Problem to solve – From the line holding "Hello viewers, welcome" through the line holding "Thanks, Heather. Let" below, write out every line exactly; include both of those lines and drop the pictures.

-- Record extracts follows --

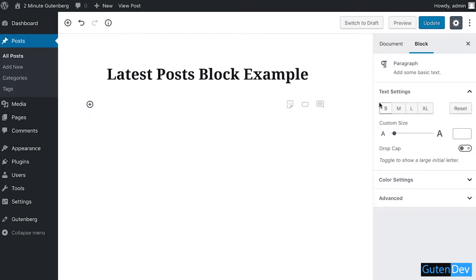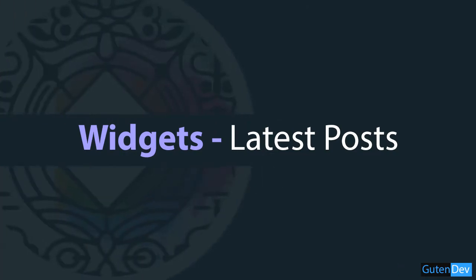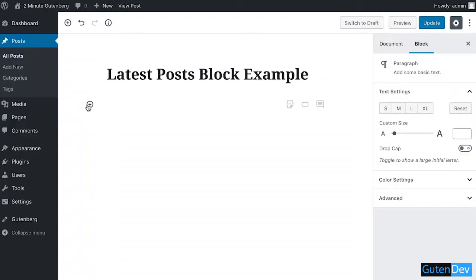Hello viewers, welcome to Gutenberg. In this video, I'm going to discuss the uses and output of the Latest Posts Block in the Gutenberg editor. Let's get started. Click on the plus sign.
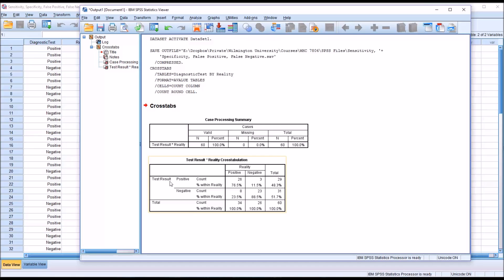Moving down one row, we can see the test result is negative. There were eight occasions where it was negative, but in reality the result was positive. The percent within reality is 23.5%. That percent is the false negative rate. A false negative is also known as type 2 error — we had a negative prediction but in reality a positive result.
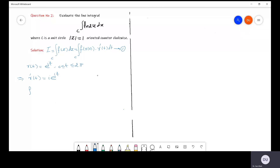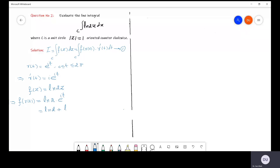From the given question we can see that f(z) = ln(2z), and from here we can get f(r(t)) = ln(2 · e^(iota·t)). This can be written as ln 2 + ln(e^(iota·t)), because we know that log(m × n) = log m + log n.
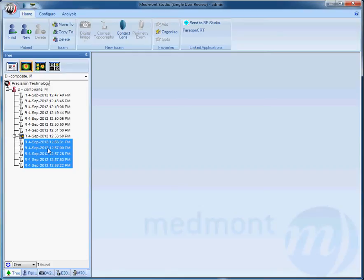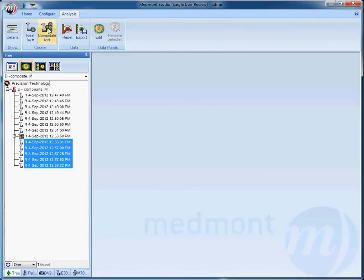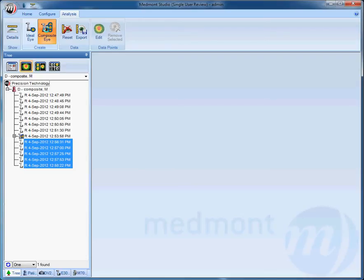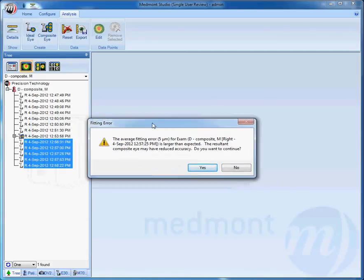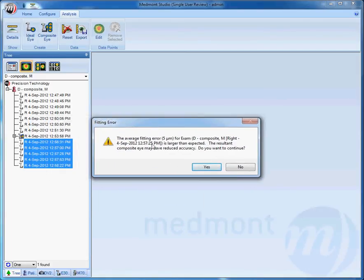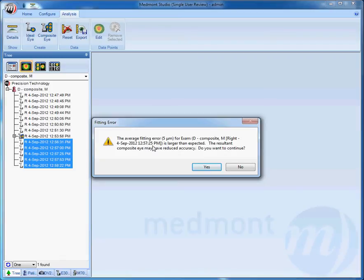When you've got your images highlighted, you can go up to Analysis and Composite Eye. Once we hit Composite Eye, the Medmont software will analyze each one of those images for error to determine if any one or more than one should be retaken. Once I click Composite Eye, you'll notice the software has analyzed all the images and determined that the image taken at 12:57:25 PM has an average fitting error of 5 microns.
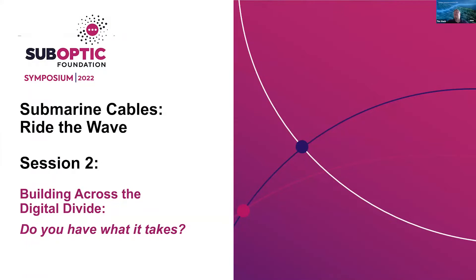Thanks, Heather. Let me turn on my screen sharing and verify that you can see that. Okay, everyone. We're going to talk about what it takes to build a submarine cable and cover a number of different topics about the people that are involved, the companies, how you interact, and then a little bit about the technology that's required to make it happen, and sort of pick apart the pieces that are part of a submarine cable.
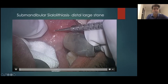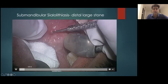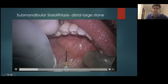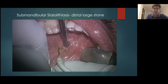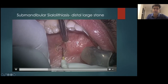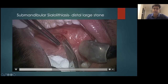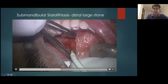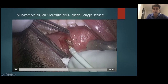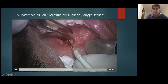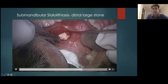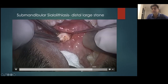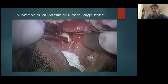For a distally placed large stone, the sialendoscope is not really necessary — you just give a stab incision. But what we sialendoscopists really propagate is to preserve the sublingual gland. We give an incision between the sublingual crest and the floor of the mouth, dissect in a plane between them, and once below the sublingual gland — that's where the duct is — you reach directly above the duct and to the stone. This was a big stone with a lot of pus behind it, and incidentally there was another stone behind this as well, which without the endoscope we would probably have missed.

-- Record extracts concluded --
-- Record extracts follows --

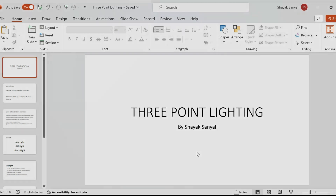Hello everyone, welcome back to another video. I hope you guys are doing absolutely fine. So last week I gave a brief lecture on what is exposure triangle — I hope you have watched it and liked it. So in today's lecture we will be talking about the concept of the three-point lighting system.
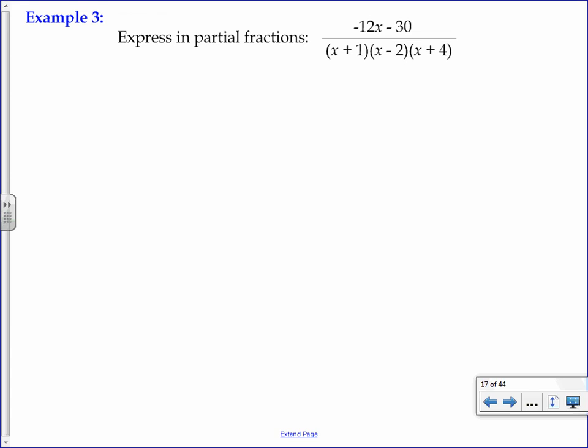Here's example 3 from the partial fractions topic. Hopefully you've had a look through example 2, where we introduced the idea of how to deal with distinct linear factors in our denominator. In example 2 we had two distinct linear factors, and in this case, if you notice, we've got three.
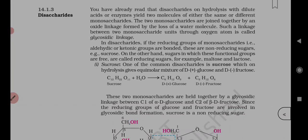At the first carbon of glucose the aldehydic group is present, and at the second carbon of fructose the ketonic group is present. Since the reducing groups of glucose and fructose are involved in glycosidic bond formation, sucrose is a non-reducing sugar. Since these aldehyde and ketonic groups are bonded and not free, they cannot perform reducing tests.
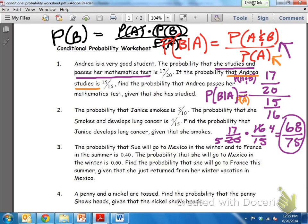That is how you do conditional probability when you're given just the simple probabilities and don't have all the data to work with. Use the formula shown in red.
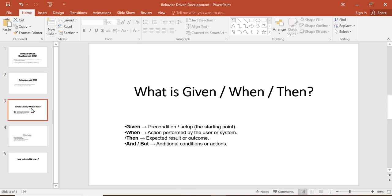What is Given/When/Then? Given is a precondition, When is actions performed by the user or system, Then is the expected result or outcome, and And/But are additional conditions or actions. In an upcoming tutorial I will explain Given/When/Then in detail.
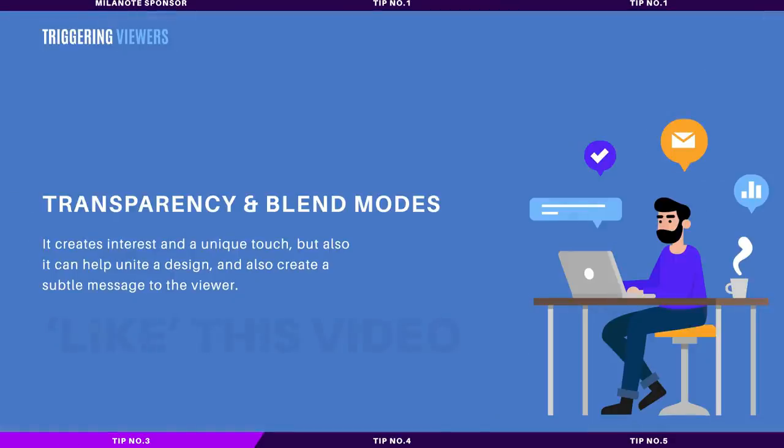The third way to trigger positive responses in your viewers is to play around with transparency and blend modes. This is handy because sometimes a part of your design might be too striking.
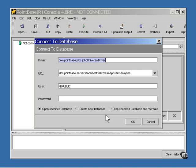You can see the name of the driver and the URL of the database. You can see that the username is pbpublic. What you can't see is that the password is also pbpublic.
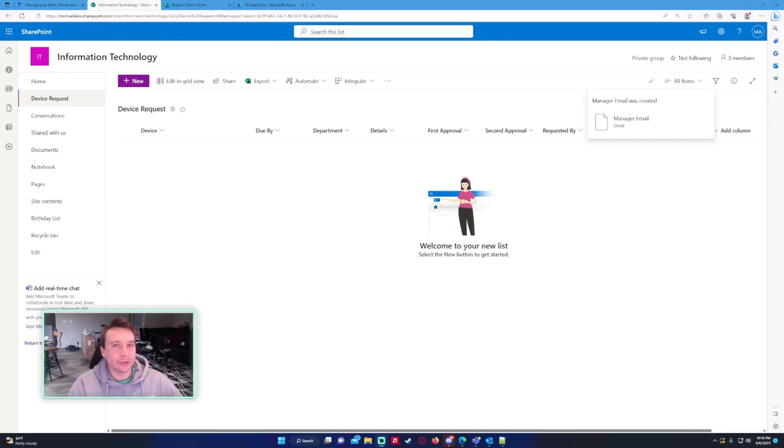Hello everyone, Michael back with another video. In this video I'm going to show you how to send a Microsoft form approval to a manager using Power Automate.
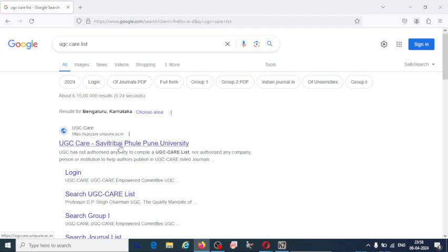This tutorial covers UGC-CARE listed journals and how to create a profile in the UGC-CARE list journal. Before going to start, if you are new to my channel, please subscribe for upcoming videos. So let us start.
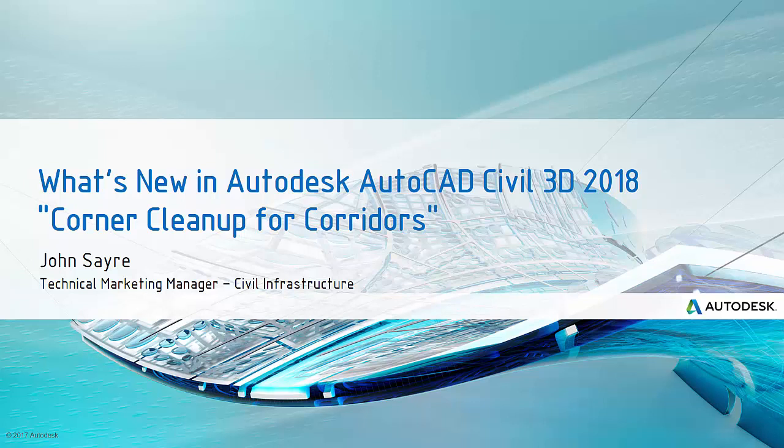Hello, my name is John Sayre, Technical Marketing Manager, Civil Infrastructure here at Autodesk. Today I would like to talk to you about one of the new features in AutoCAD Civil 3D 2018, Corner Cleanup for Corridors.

-- Record extracts concluded --

Problem solution –
Hello viewers, welcome to Gutenberg. In this video, I'm going to discuss the uses and output of the Latest Posts Block in the Gutenberg editor. Let's get started. Click on the plus sign.
Moving down one row, we can see the test result is negative. There were eight occasions where it was negative, but in reality the result was positive. The percent within reality is 23.5%. That percent is the false negative rate. A false negative is also known as type 2 error — we had a negative prediction but in reality a positive result.
From the given question we can see that f(z) = ln(2z), and from here we can get f(r(t)) = ln(2 · e^(iota·t)). This can be written as ln 2 + ln(e^(iota·t)), because we know that log(m × n) = log m + log n.
When you've got your images highlighted, you can go up to Analysis and Composite Eye. Once we hit Composite Eye, the Medmont software will analyze each one of those images for error to determine if any one or more than one should be retaken. Once I click Composite Eye, you'll notice the software has analyzed all the images and determined that the image taken at 12:57:25 PM has an average fitting error of 5 microns.
Thanks, Heather. Let me turn on my screen sharing and verify that you can see that. Okay, everyone. We're going to talk about what it takes to build a submarine cable and cover a number of different topics about the people that are involved, the companies, how you interact, and then a little bit about the technology that's required to make it happen, and sort of pick apart the pieces that are part of a submarine cable.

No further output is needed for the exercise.